Genre: Science-Fiction

Ausgelesen: 30.07.2021

Bewertung: ★★★★☆

„Ancillary Justice“ von Ann Leckie hat so ziemlich jeden bedeutenden literarischen Award der spekulativen Fiktion gewonnen. Zwischen 2013 und 2014 räumte der Auftakt der Trilogie „Imperial Radch“ unter anderem beim Nebula, Locus, Hugo und Arthur C. Clarke Award ab. Für mich gibt es kein Buch, das mehr „Science-Fiction!“ schreit als dieses.

Deshalb entwickelte ich bereits im Vorfeld meiner Lektüre eine interessante Beziehung zu „Ancillary Justice“. Für mich war es ein Meilenstein. Ich hatte das Gefühl, würde mir dieses Buch gefallen, wäre mein Knoten mit der Science-Fiction endgültig geplatzt. Rational betrachtet ist das natürlich Unsinn, denn meine Schwierigkeiten mit dem Genre sind längst nicht mehr aktuell. Ich habe sie überwunden.

Trotzdem empfand ich „Ancillary Justice“ als einen letzten großen Test, als finale Bestätigung, dass ich nun wirklich in der Science-Fiction angekommen bin und bei der Lektüreauswahl keine Vorsicht mehr walten lassen muss. Es wurde Zeit, mich selbst auf die Probe zu stellen.

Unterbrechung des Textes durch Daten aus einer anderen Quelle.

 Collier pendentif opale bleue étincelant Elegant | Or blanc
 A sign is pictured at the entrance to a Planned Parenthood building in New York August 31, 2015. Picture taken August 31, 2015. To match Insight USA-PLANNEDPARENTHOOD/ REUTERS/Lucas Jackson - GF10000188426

Beine. Arme. Torso. Augen. Stimme. Äußerlich wirkt Breq wie ein Mensch. Im Inneren von Breqs Körper lebt jedoch ein Bewusstsein, das viel älter und weiter ist, als es sich ein Mensch je vorstellen könnte. Über Jahrhunderte war Breq das Raumschiff Justice of Toren – die künstliche Intelligenz eines interstellaren Truppentransporters, die tausende menschliche Körper kontrollierte. Mithilfe der sogenannten Ancillaries überwachte Justice of Toren im Auftrag des Imperiums Radch die Annexion hunderter Planeten. Doch die letzte Annexion endete in einer schrecklichen Tragödie. Justice of Toren wurde zerstört. Nur Breq überlebte als Fragment.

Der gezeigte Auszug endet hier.